## PROBLEM
An exact copy of the data below is needed; please leave out any pictures.

## SOURCE MATERIAL
────
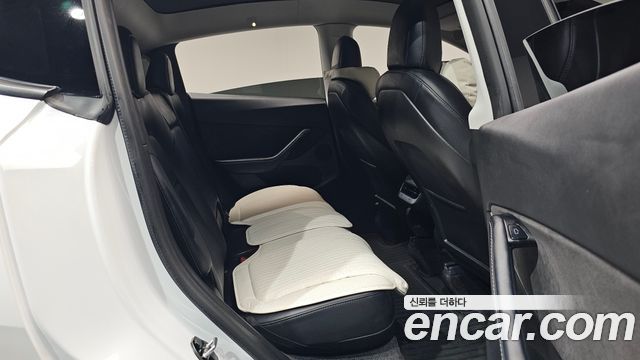 Tesla Model Y 2021 — photo 17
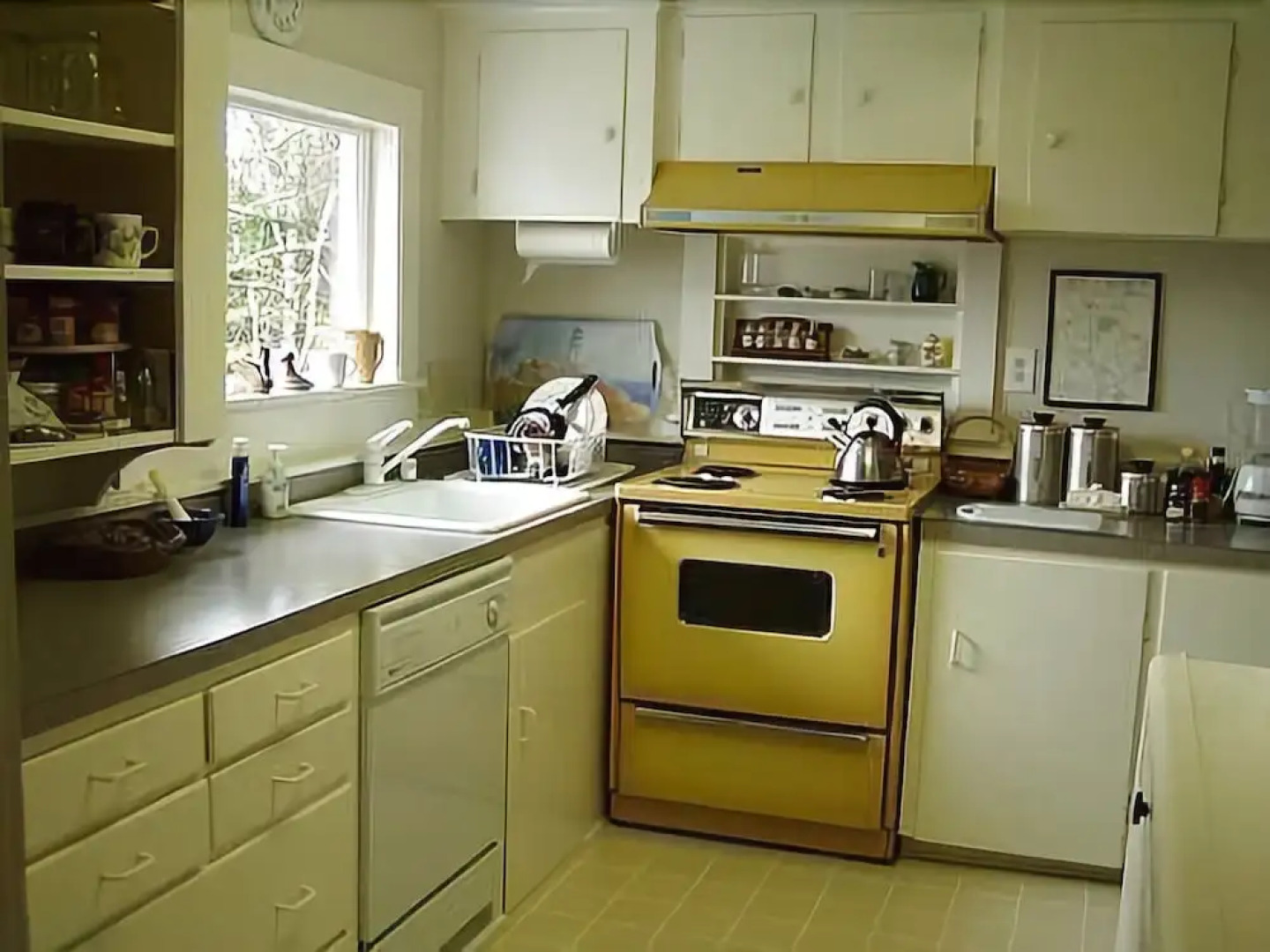 Center Harbor House - Four Bedroom Home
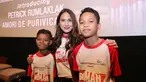 Pevita Pearce merangkul dua cast Rumah Merah Putih. Pevita terlihat sangat cantik dengan rambut coklatnya. Senyum bahagia terpancarkan Pevita saat screening Film Rumah Merah Putih di Epicentrum (KapanLagi.com/Adrian Utama Putra)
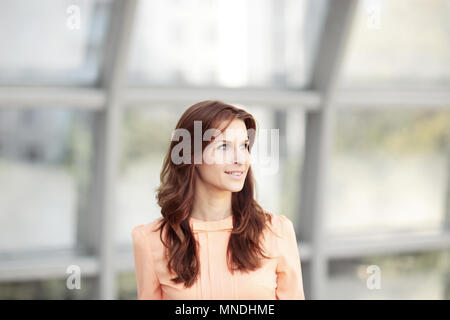 Bis zu schließen. Porträt der moderne junge Frau auf unscharfen Büro Hintergrund. Stockfoto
────
## RESPONSE BELOW
 Tesla Model Y 2021 — photo 17
 Center Harbor House - Four Bedroom Home
 Pevita Pearce merangkul dua cast Rumah Merah Putih. Pevita terlihat sangat cantik dengan rambut coklatnya. Senyum bahagia terpancarkan Pevita saat screening Film Rumah Merah Putih di Epicentrum (KapanLagi.com/Adrian Utama Putra)
 Bis zu schließen. Porträt der moderne junge Frau auf unscharfen Büro Hintergrund. Stockfoto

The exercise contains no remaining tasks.